WHAT YOU NEED TO DO
Write out only the lines from the start of the entries up to and including the line with "Emu Australia Cable"; please skip the pictures.

※

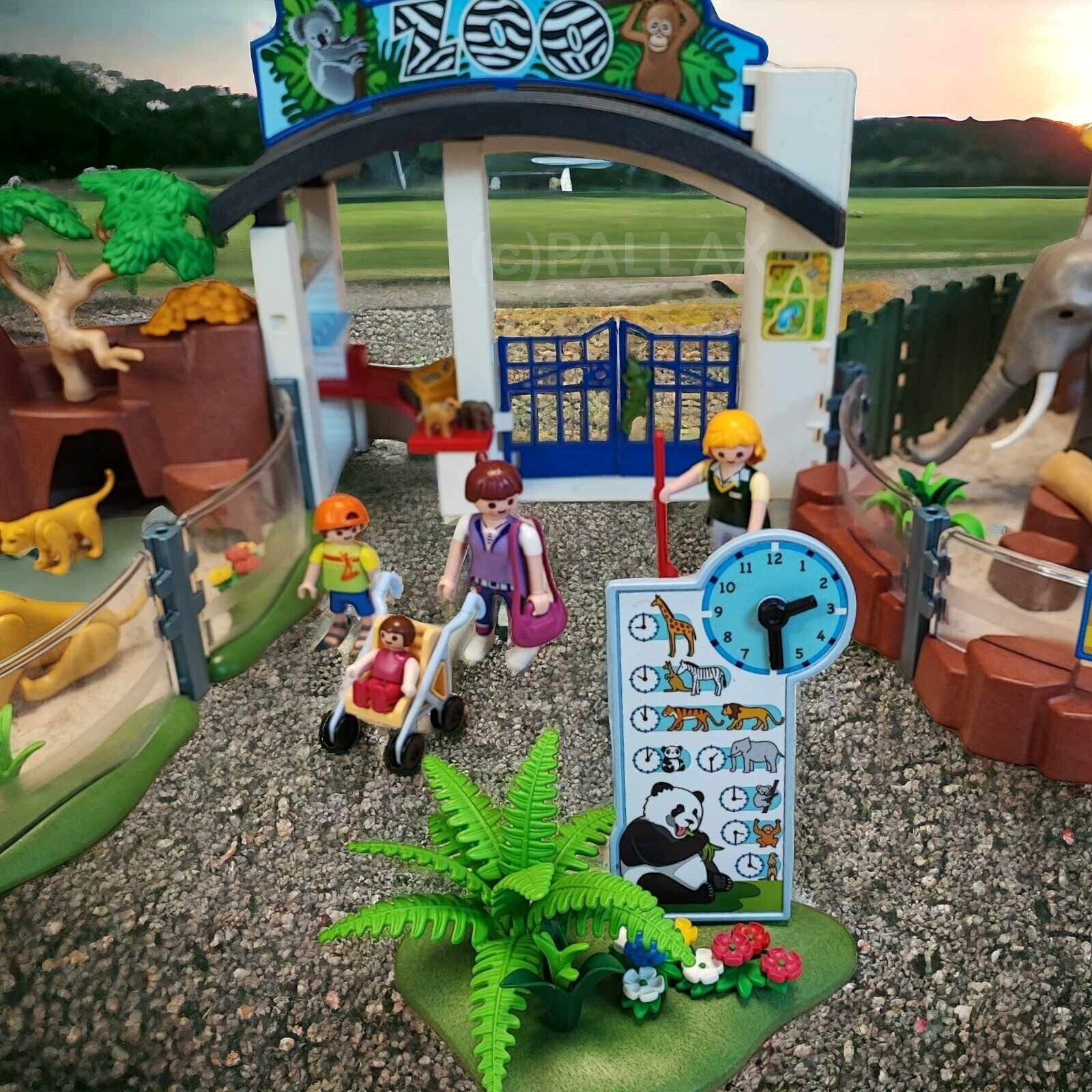PLAYMOBIL 4850 GROSSER TIERPARK ZOO + BOX / 2010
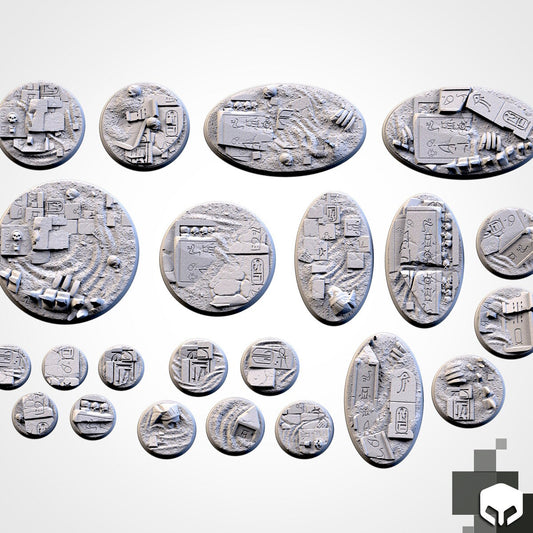 Egyptian Bases various sizes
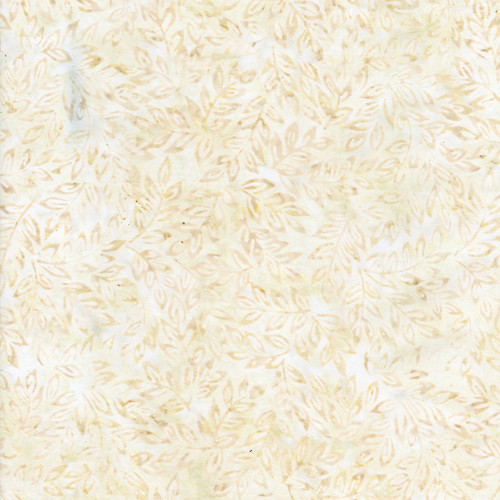 Timeless Treasures  Fabrics Cider Tonga Batiks Soft Elegant Leaves Vanilla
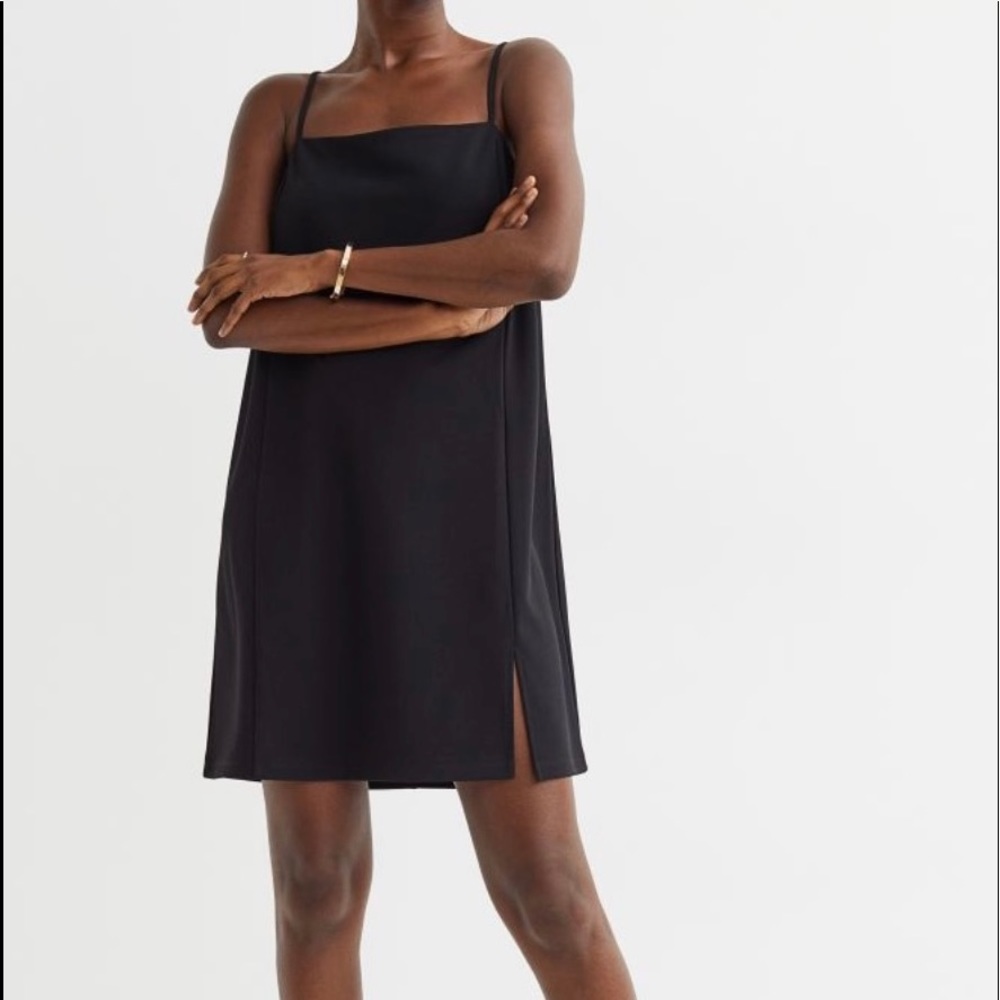 Black Jersey A-line dress XS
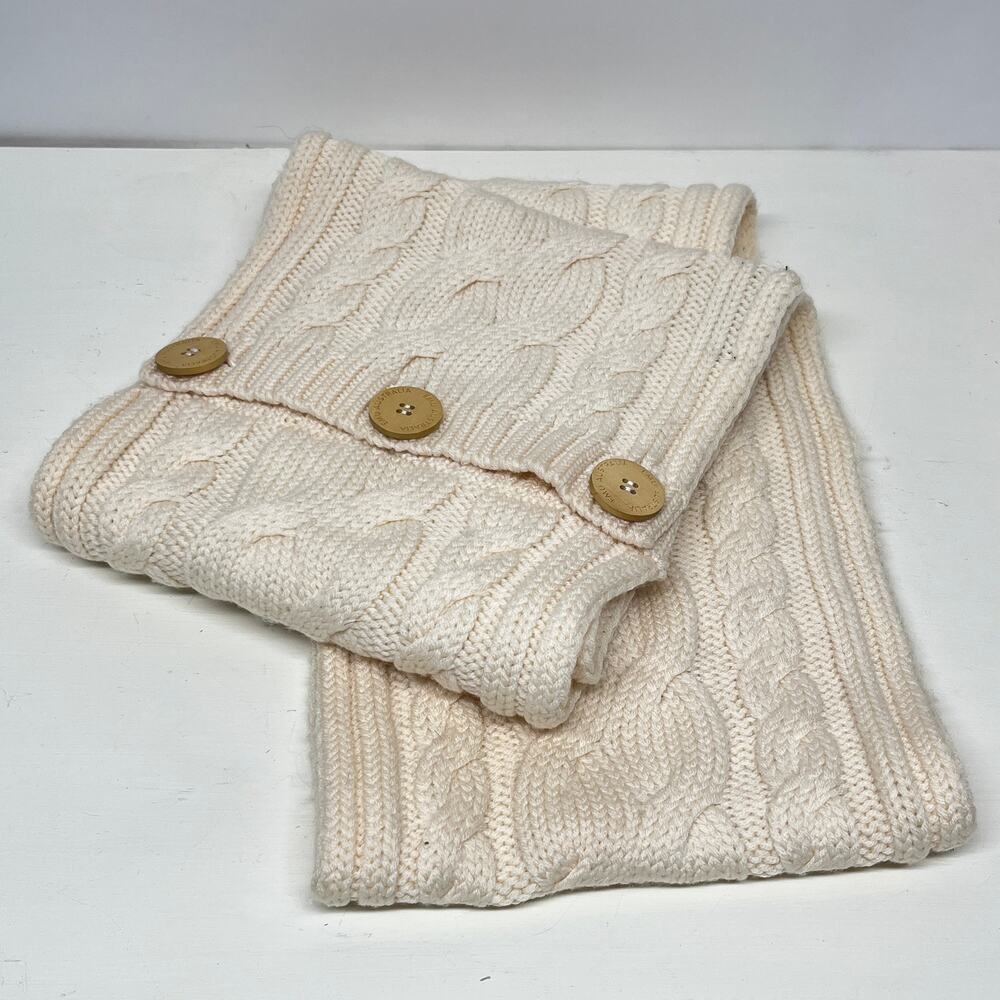 Emu Australia Cable Knit 100% Merino Wool Scarf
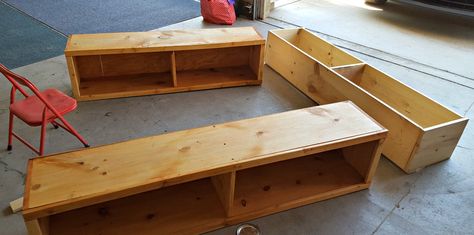 diy full size bed frame Diy Full Size Bed, Full Bed Frame Diy, Diy Full Size Bed Frame, Bed Frame Diy, Construction Bedroom, Queen Sized Bedroom Sets, Queen Sized Bedroom, Captains Bed, Wood Bedroom Sets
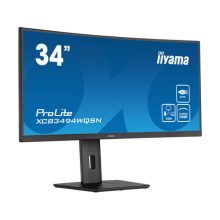Monitor iiyama ProLite XCB3494WQSN-B5 de 34 pulgadas con resolución 3440 x 1440 Pixeles en color negro, ideal para una experiencia visual UltraWide Quad HD.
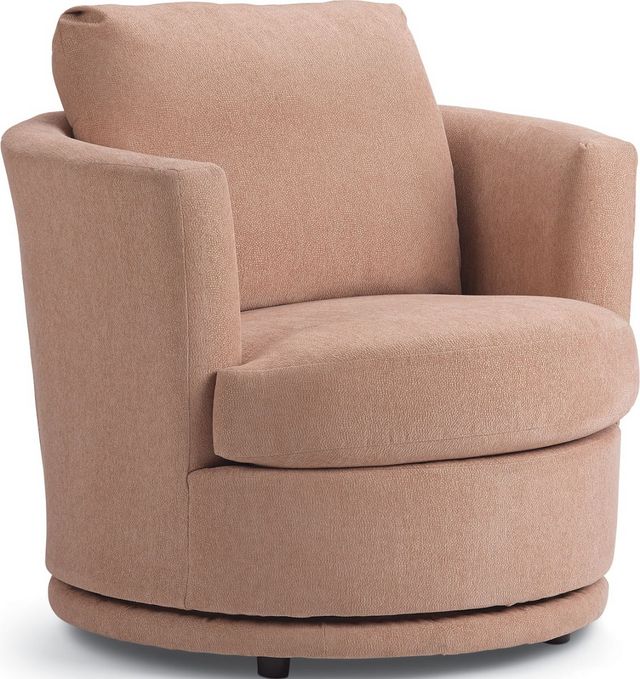 Empierre Beige Fabric Club Chair and Ottoman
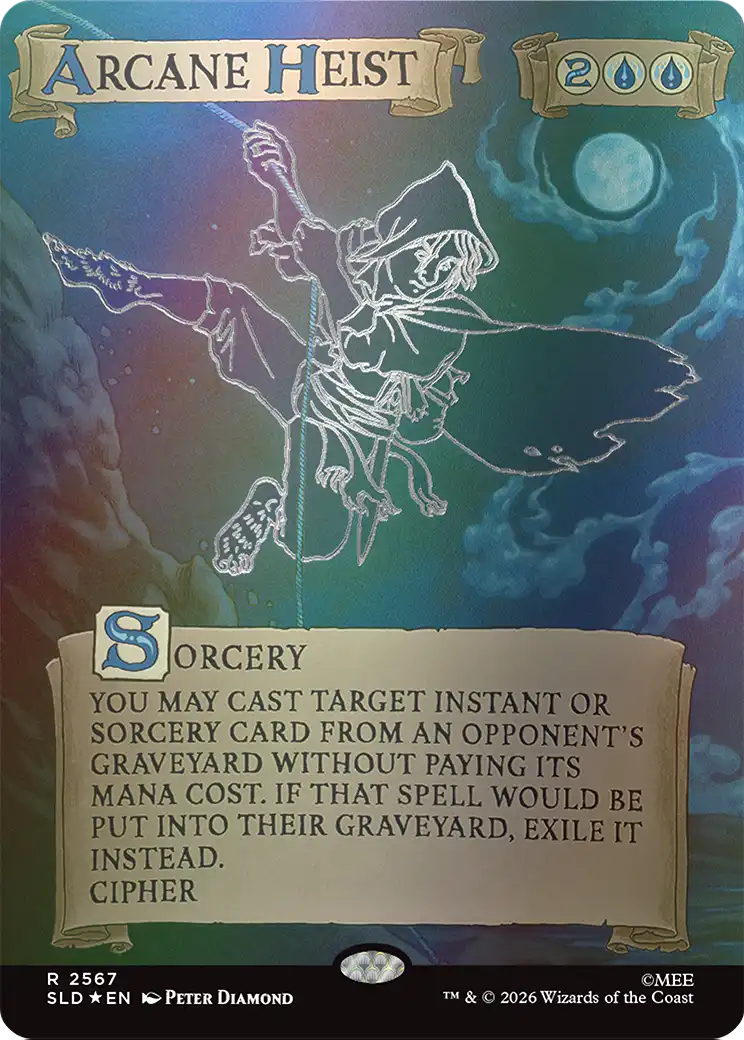 Arcane Heist (Out Of Sight Foil) [Secret Lair Drop Series] | Exor Games Dartmouth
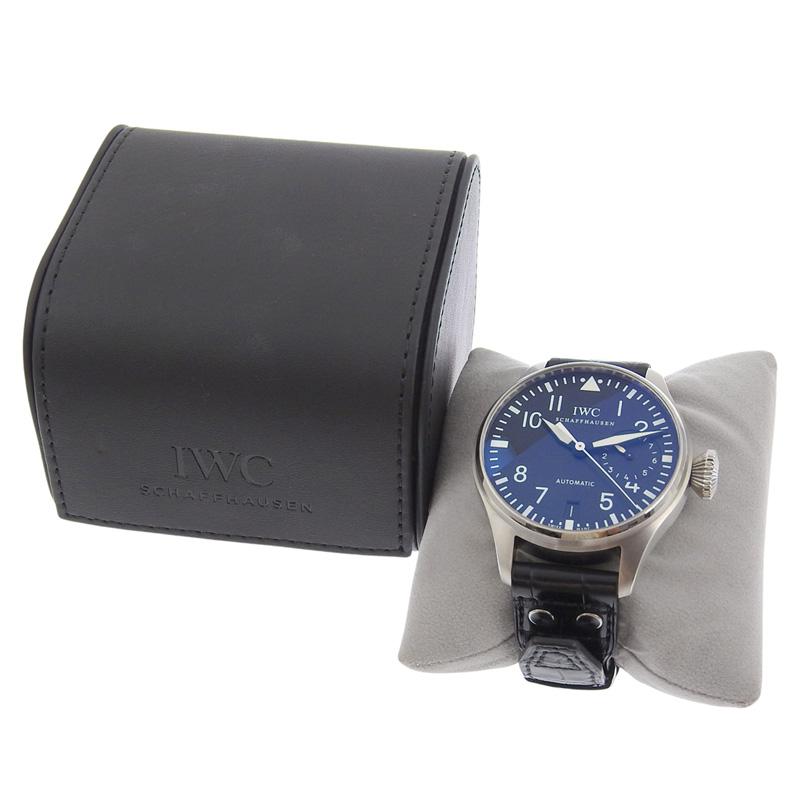 アイ・ダブリュー・シー IWC ビッグパイロット パワーリザーブ メンズ 自動巻き 腕時計 SS/革 ブラック文字盤 IW500401 中古 新入荷 OW0478 IWC SCHAFFHAUSEN（IWCシャフハウゼン） アイ・ダブリュー・シー IWC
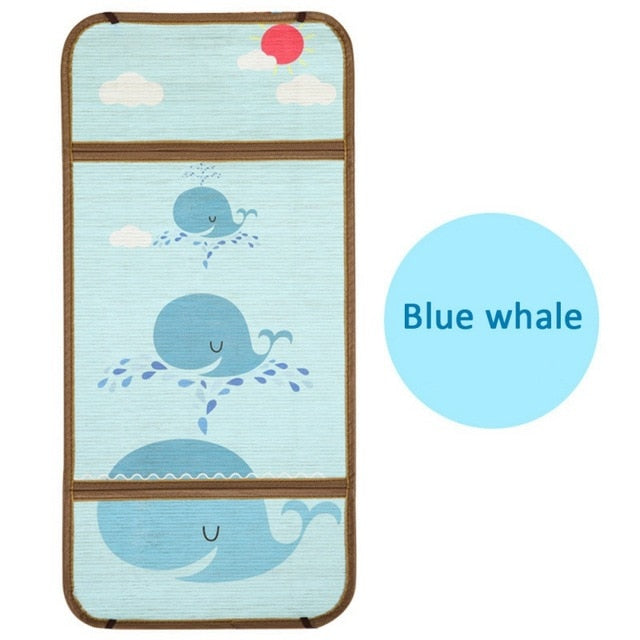 Summer Cartoon Pattern Sleeping Mat Breathable Stroller Seat Mat Cool Liner Cushion Baby Kid Stroller accessories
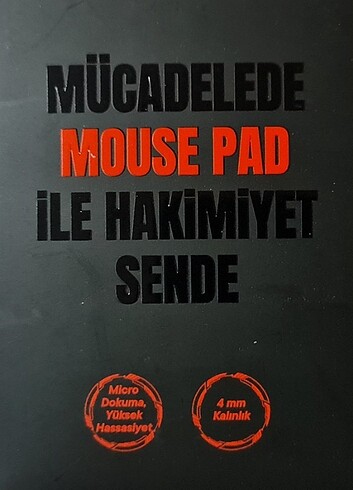 POLOSMART PGM31 oyuncu mouse pad. Sıfır kutusunda - Görsel 2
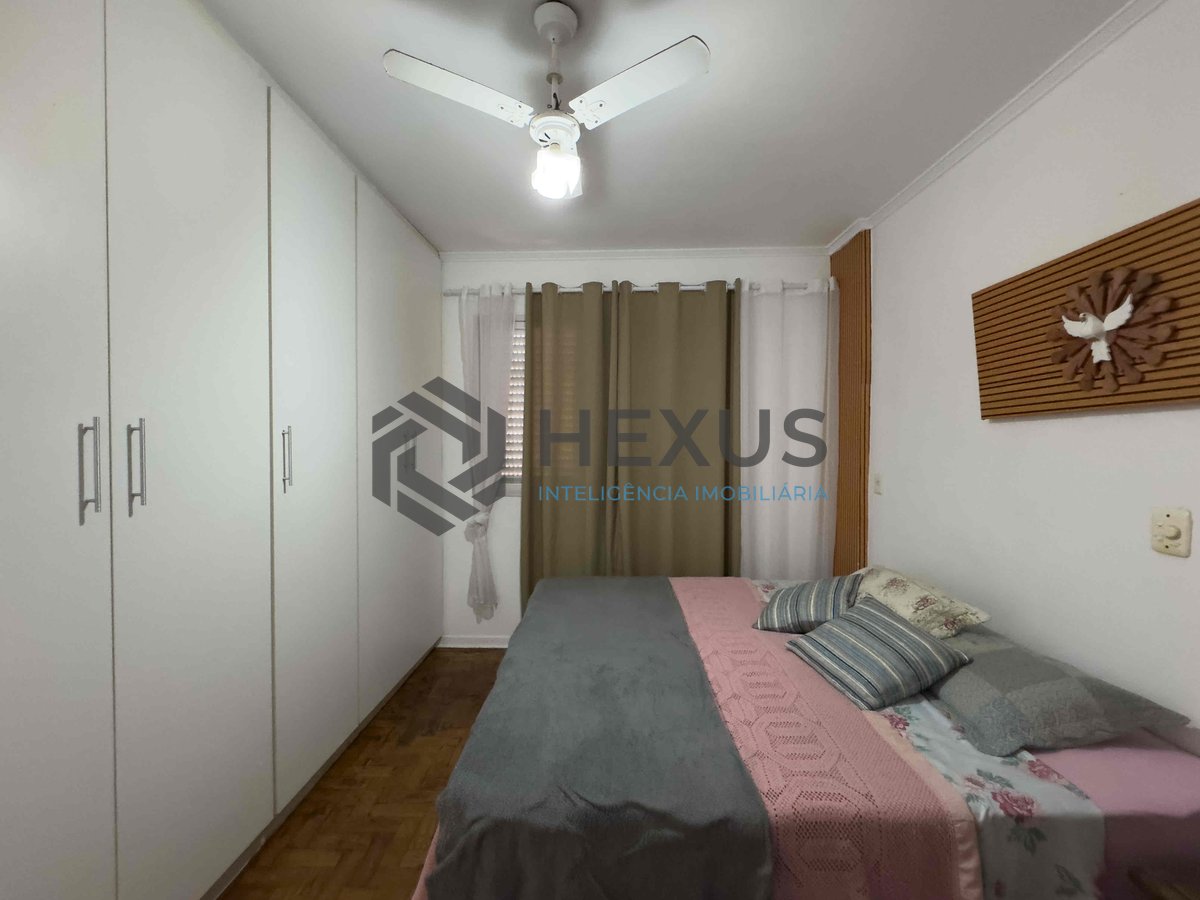 Foto 8 de Apartamento com varanda a duas quadras da Praia das Pitangueiras, Guarujá-SP - 1 Quarto, 1 Vaga | Hexus Inteligência Imobiliária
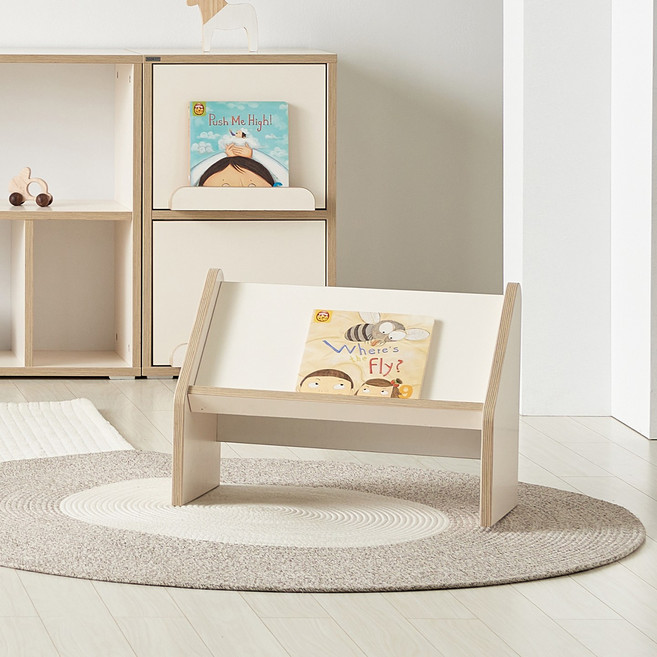 [SEO등급] 룸핏 무아 유아 독서대 아기 북 스탠드 책 받침대, 화이트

※

ANSWER BOX
PLAYMOBIL 4850 GROSSER TIERPARK ZOO + BOX / 2010
 Egyptian Bases various sizes
 Timeless Treasures  Fabrics Cider Tonga Batiks Soft Elegant Leaves Vanilla
 Black Jersey A-line dress XS
 Emu Australia Cable Knit 100% Merino Wool Scarf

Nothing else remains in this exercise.